Pippa Middleton confronted critics of her new book "Celebrate" in an essay published Sunday.
The sister of Catherine, Duchess of Cambridge penned a first-person entry published in The Telegraph defending her guidebook on party planning after critics said her work had failed to impress.
"I'm a real foodie- something, I think, not a lot of people know about me," started the 29-year-old entrepreneur.
For those critics who felt that "Celebrate: A Year of Festivities for Families and Friends" was basic and obvious, Middleton said her intention was to make the book "achievable."
"I could have written a book that showcased the most extravagant or elaborate of occasions- after all, I spent three years working for an events company planning parties- but I wanted to produce something that was achievable; something that people would have on their shelves for years; something that was not too fussy- just simple and comforting," she wrote.
She added that her book, which has seen successful sales, was no easy feat.
"'Celebrate,' my book on entertaining, has been a labour of love," noted Middleton. "I have put my heart and soul into it, obsessing over every detail."
The party planner concluded the essay with her plans for the holidays.
"I'm not sure what I'll be doing this year," wrote Middleton. "My worry now, having written this book, is that the pressure will really be on. I'll somehow have to produce the party of the century."
While some critics blasted the book, reviews on Amazon.com revealed that many readers were please with "Celebrate."
One user wrote, "I can't believe all the bad reviews this book is getting. I think it's just jealousy. It's a beautiful book with simple, easy to manage ideas."
"Totally worth the price," wrote Sarah. "Not a skimpy book. It is arranged by seasons and holidays… What I loved most was that everything is simple and pretty easy to do… nothing crazy, and it's very detailed."
Middleton is no stranger to public scrutiny. The sibling of royalty admitted that her catapult into fame following her sister's wedding to Prince William was "startling."

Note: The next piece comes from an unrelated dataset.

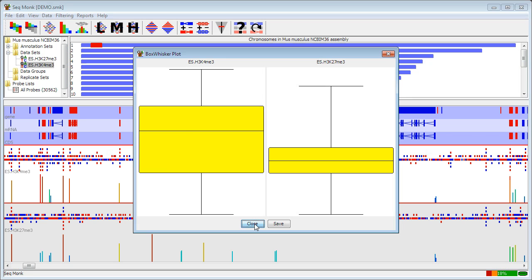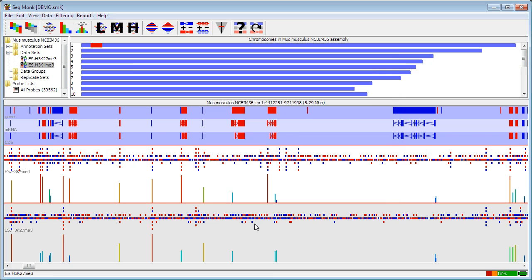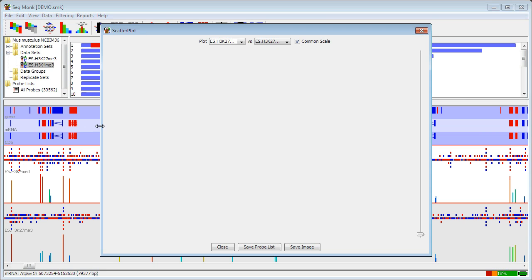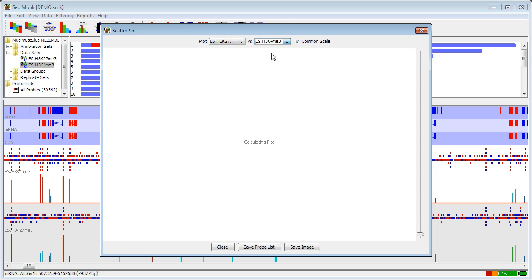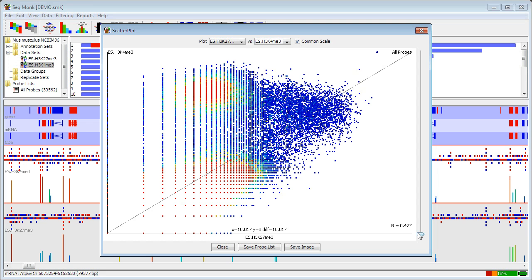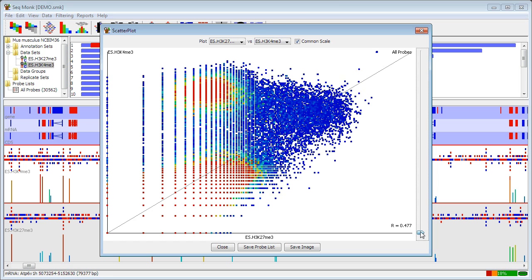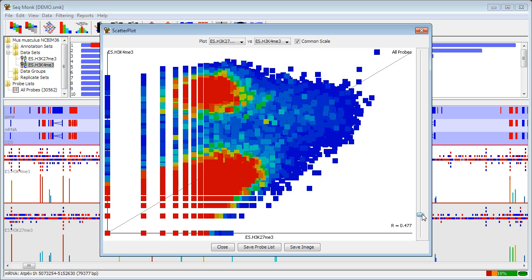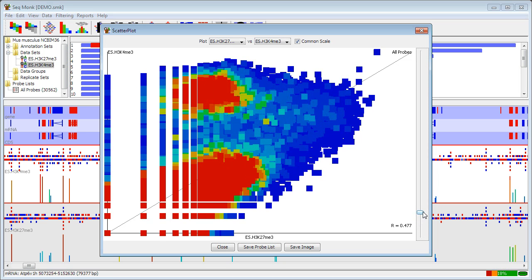If I only have two data sets that I want to compare I can do a scatter plot. So if I go to view and scatter plot I can select the two data sets I want to view. Use the little slider on the right to make the boxes bigger and I can immediately see that I have two distinct populations on here. I have a population which show similar levels of enrichment in the two data sets but then in here I have a set that are specifically enriched in K4.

"It is a bit startling to achieve global recognition before the age of 30 on account of your sister, your brother-in-law and your bottom," Middleton told Mail Online via an excerpt from her book.
"One day I might be able to make sense of this. In the meantime I think it's fair to say that is has its upside and its downside," she continued. "I am by nature an optimist so I tend to concentrate on the advantages."